Investimento federal atinge fundo do poço e gasto com juros cresce 13,4%

Publicado por: Lauro Veiga Filho | Postado em: 31 de janeiro de 2023

As contas do Tesouro Nacional no ano passado confirmam o achatamento continuado dos investimentos federais e, em direção oposta, o avanço retomado das despesas com juros da dívida pública. No primeiro caso, os recursos investidos pelo governo central alcançaram o fundo do poço, com tombo de quase 27,0% em termos reais na comparação entre 2021 e 2022. A valores de dezembro do ano passado, atualizados com base na variação do Índice Nacional de Preços ao Consumidor Amplo (IPCA), o investimento murchou de praticamente R$ 62,121 bilhões em 2021 para R$ 45,558 bilhões um ano depois, num corte de R$ 16,563 bilhões.

Em valores nominais, o investimento realizado pelo governo central encolheu de 0,64% do Produto Interno Bruto (PIB), que já era historicamente muito baixo, para apenas 0,46% também entre 2021 e 2022. Foi o menor índice desde que a Secretaria do Tesouro Nacional (STN) passou a publicar esse dado de forma sistemática, em 2008. O nível mais elevado havia sido registrado em 2014, quando os valores investidos chegaram a representar 1,34% do PIB – relação quase três vezes mais elevada do que aquela observada no ano passado. Para comparar, agora em valores reais, o investimento desabou 64,20% desde 2014, despencando de R$ 127,261 bilhões para aqueles R$ 45,558 bilhões. A conta de investimentos perdeu, em quase 10 anos, qualquer coisa ao redor de R$ 81,703 bilhões.
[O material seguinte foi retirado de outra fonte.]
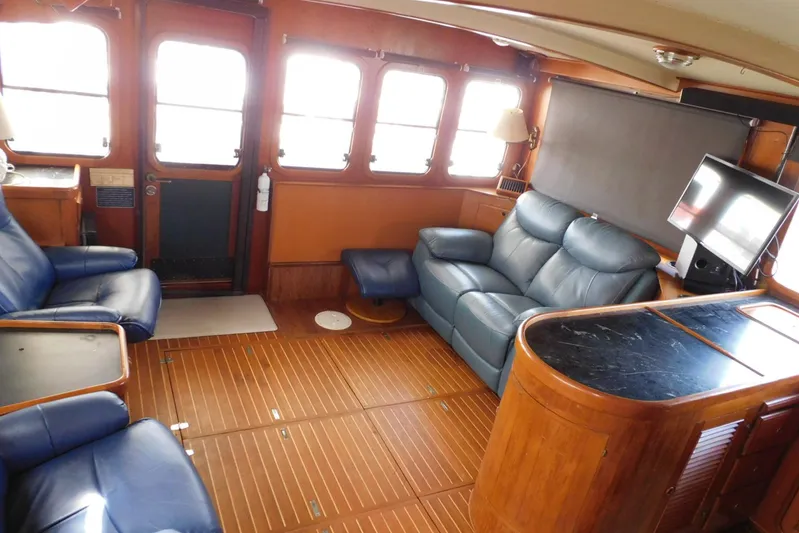 Popeye Yacht Photos Pics Interior of 1988 Hans Christian 45 Independence Trawler with blue leather seating and wooden flooring.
Com a escalada das taxas de juros básicas desde a segunda metade de março do ano passado, os gastos com juros entraram em alta, avançando de R$ 449,095 bilhões para R$ 509,261 bilhões a valores de dezembro do ano passado, correspondendo a um incremento de 13,40%. Ou seja, ao mesmo tempo em que o investimento sofreu corte de R$ 16,563 bilhões, os gastos com juros registraram um acréscimo de R$ 60,166 bilhões. Tomadas a valores correntes, quer dizer, sem correção com base no IPCA, as despesas com juros passaram a representar 5,12% do PIB, configurando a relação mais elevada em cinco ano e a sexta maior proporção na série histórica iniciada em 1997. Apenas para registro, as despesas com juros haviam alcançado 5,18% do PIB em 2017.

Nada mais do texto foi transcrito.